**Given data**
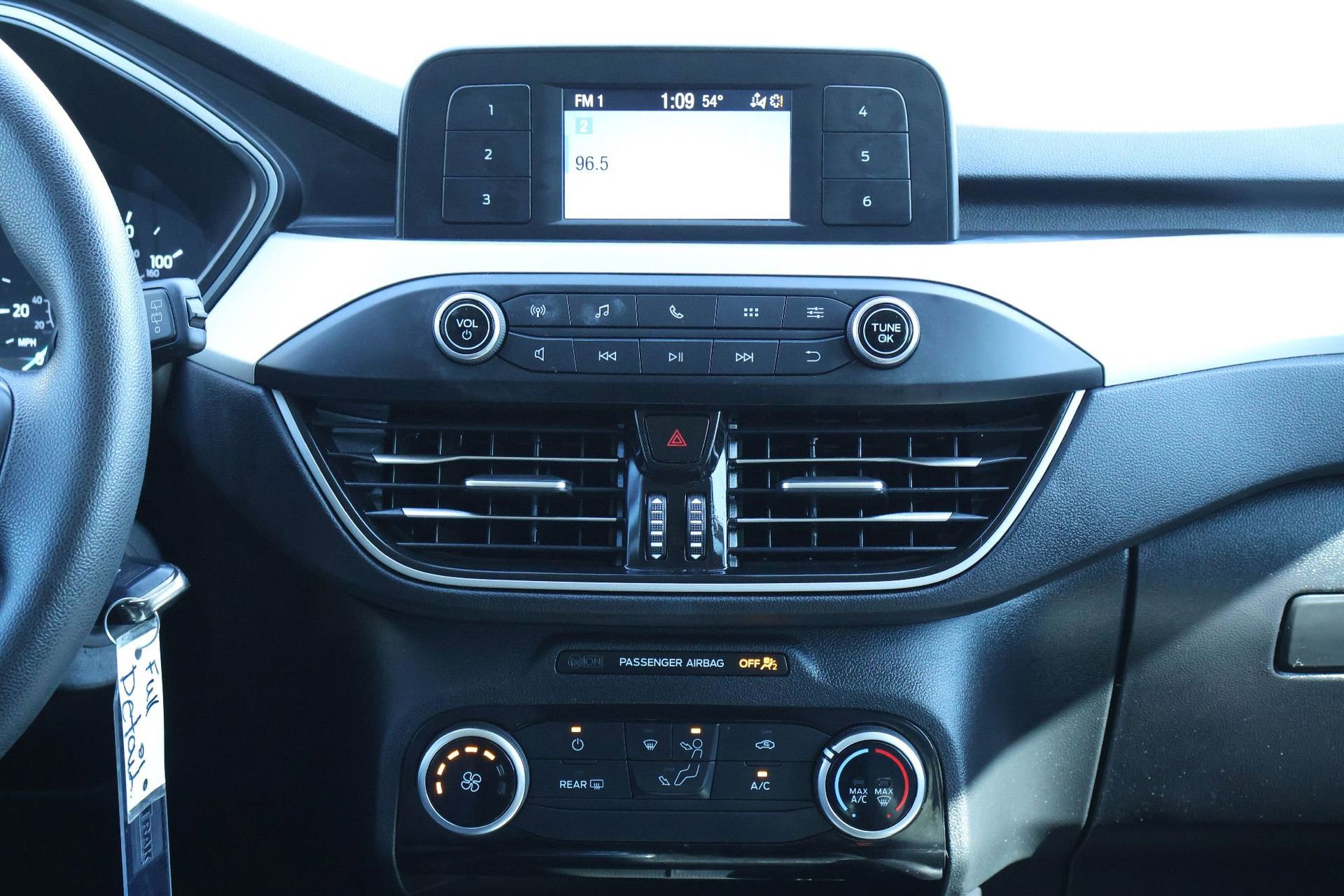 Used 2022 Ford Escape S image 16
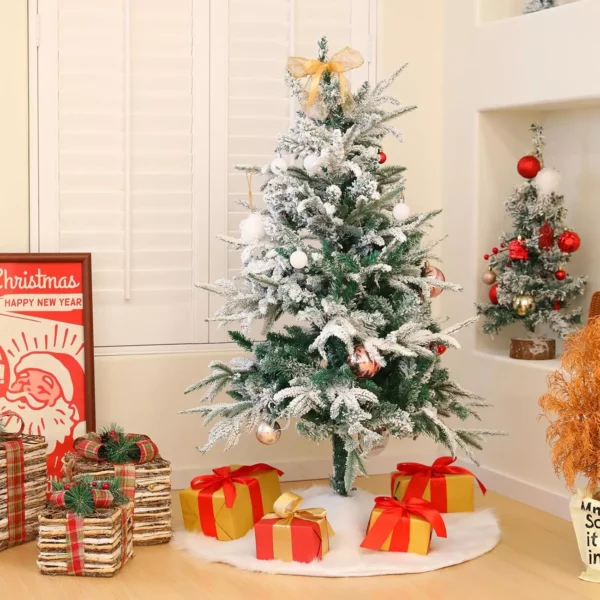 White Plush Christmas Tree Skirt - Image 2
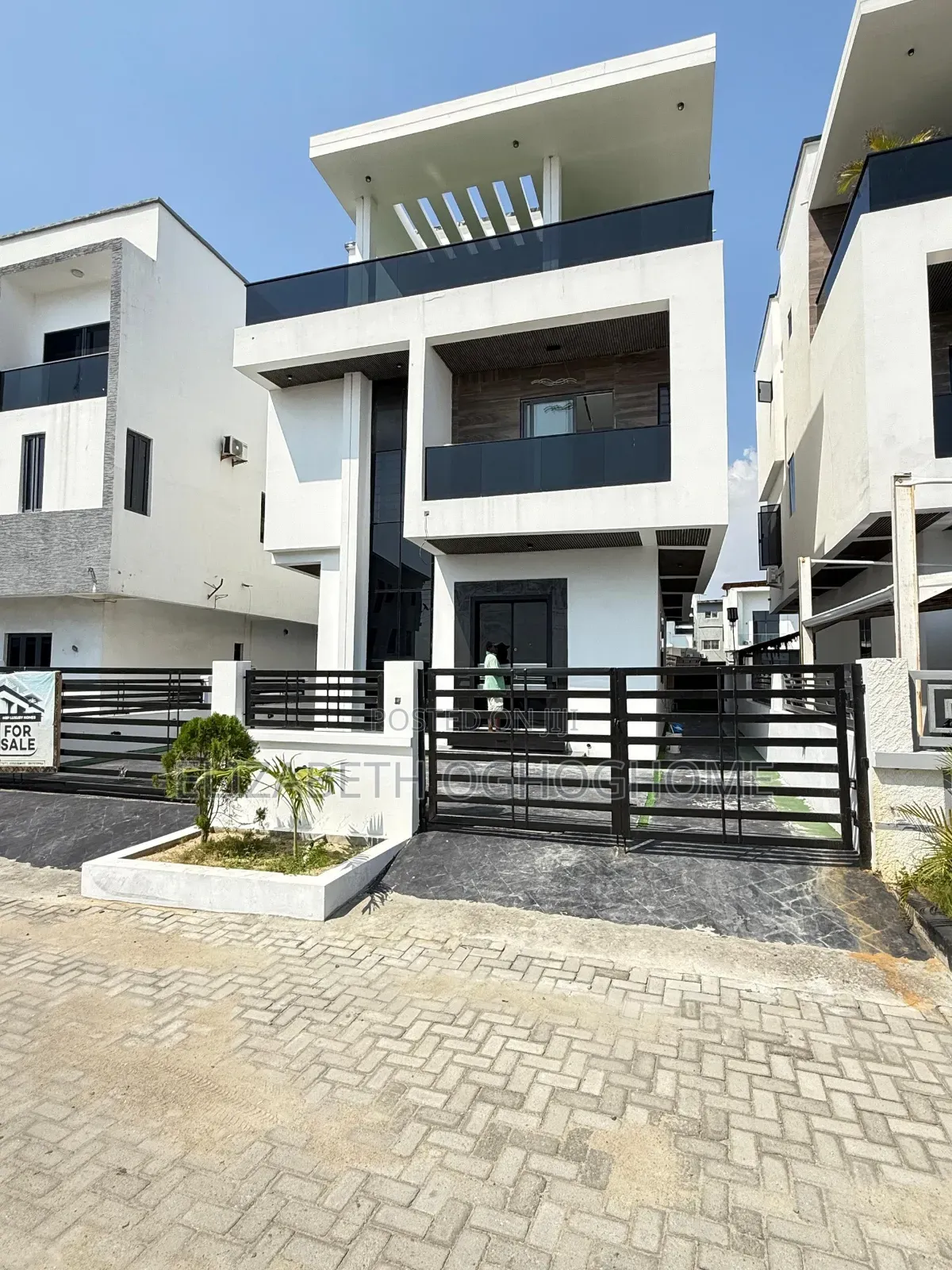 4bdrm Duplex in Lekki for sale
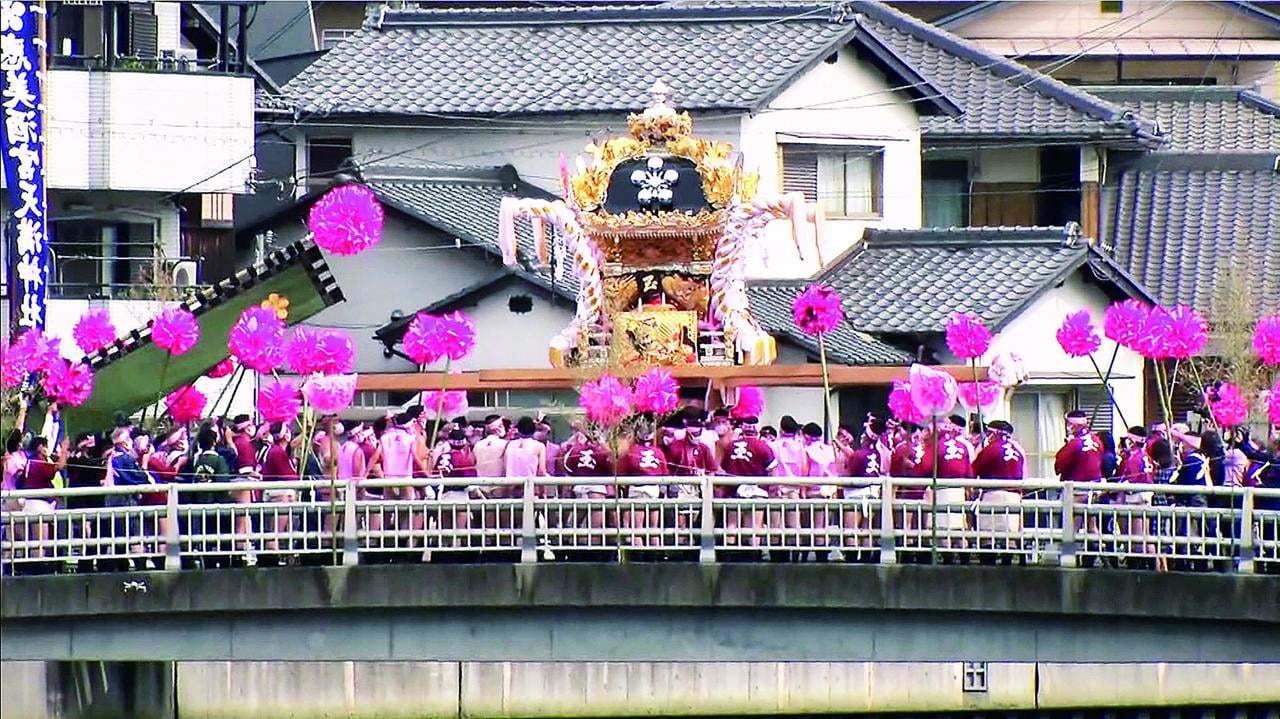 野田川にかかる向島橋で台場練りを決める玉地の屋台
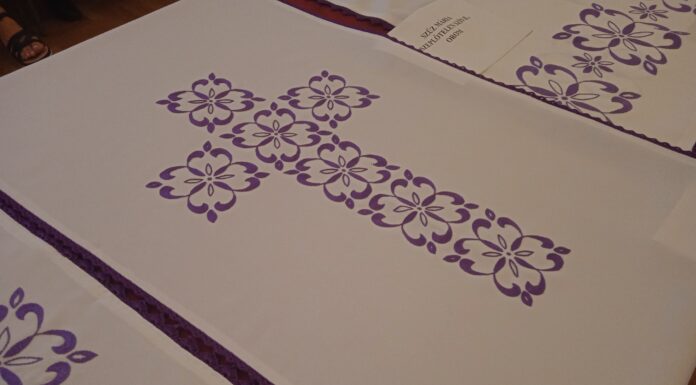 Igazi kuriózum a Homokháti Búcsú kísérő rendezvénye – oltárterítők kiállítása Mórahalmon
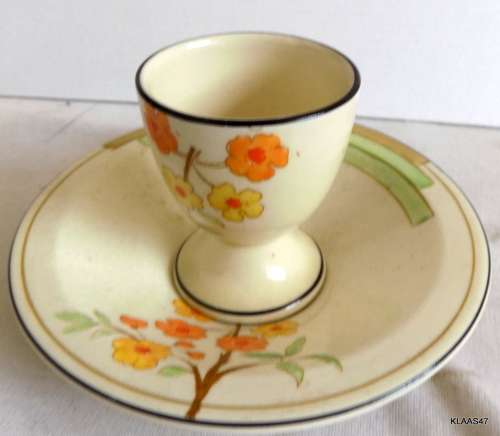 VINTAGE - Burleigh Ware - B&L. Ltd - Made in England - ART DECO - Egg cup on 11.5cm Plate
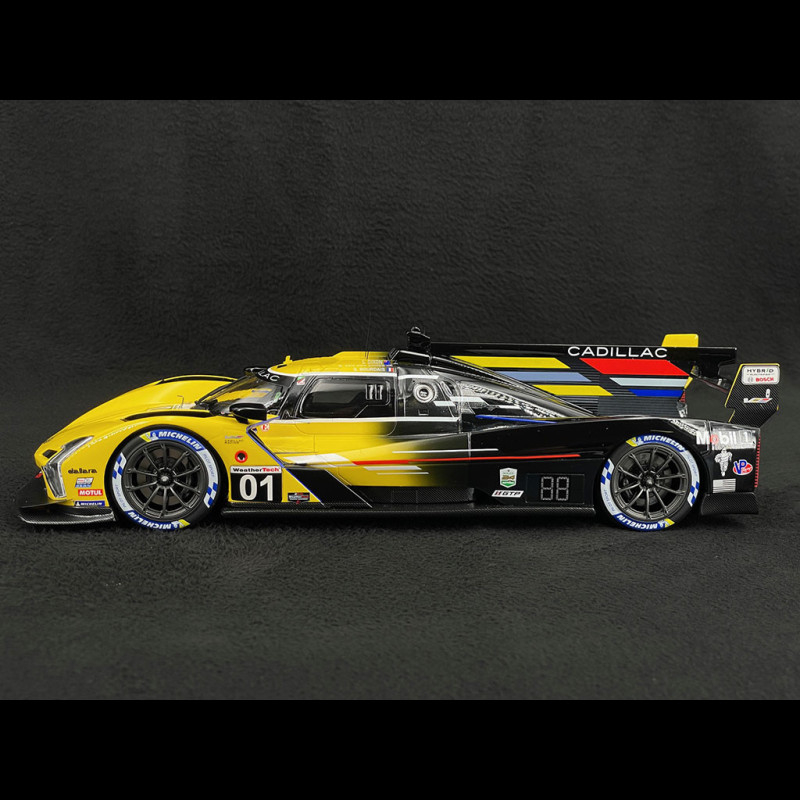 cadillac-v-series-r-ndeg-01-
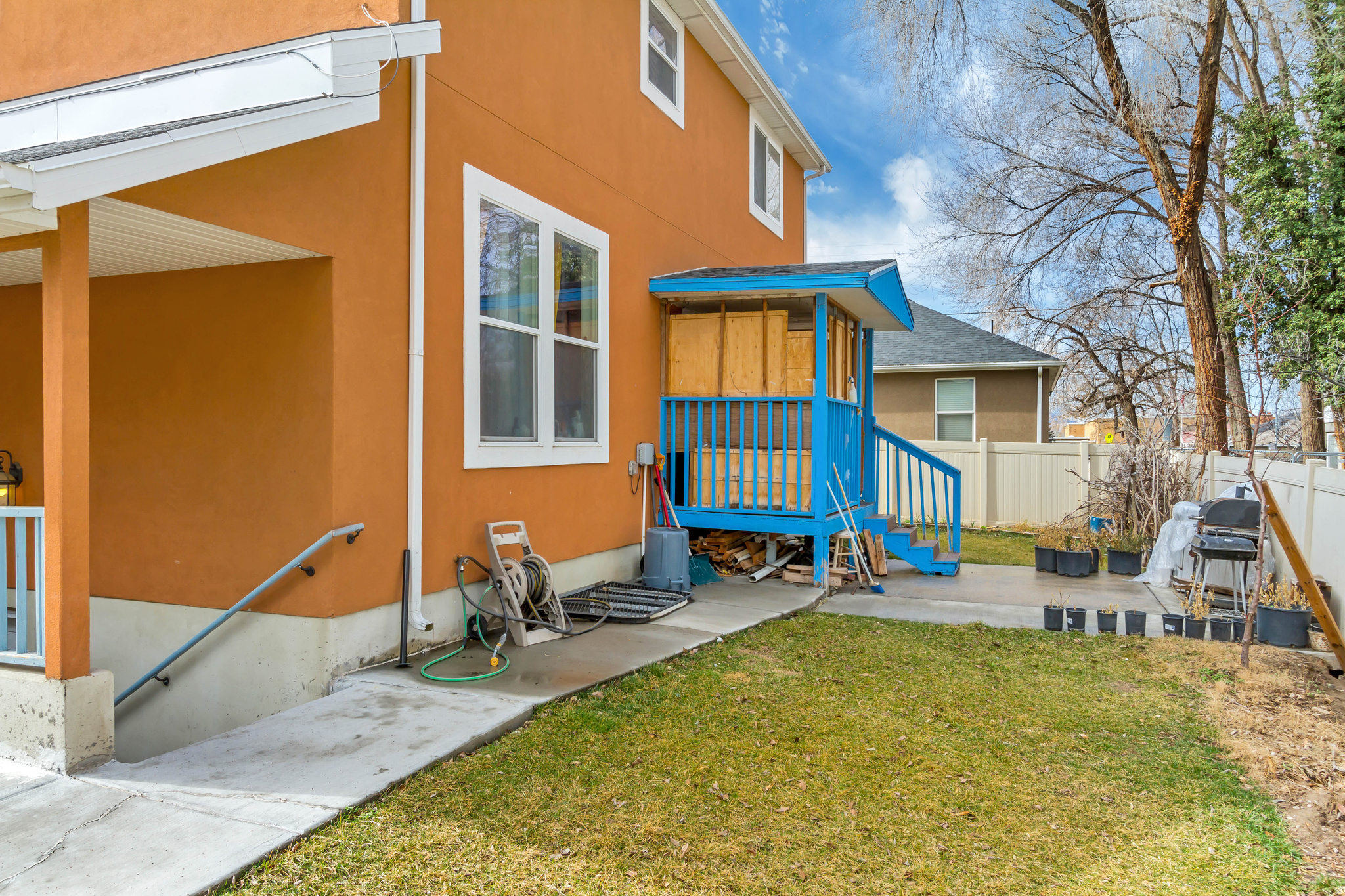 main property photo 23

**Task description**
Set down the material again exactly. Don't carry over any pictures.

**Answer section**
 Used 2022 Ford Escape S image 16
 White Plush Christmas Tree Skirt - Image 2
 4bdrm Duplex in Lekki for sale
 野田川にかかる向島橋で台場練りを決める玉地の屋台
 Igazi kuriózum a Homokháti Búcsú kísérő rendezvénye – oltárterítők kiállítása Mórahalmon
 VINTAGE - Burleigh Ware - B&L. Ltd - Made in England - ART DECO - Egg cup on 11.5cm Plate
 cadillac-v-series-r-ndeg-01-
 main property photo 23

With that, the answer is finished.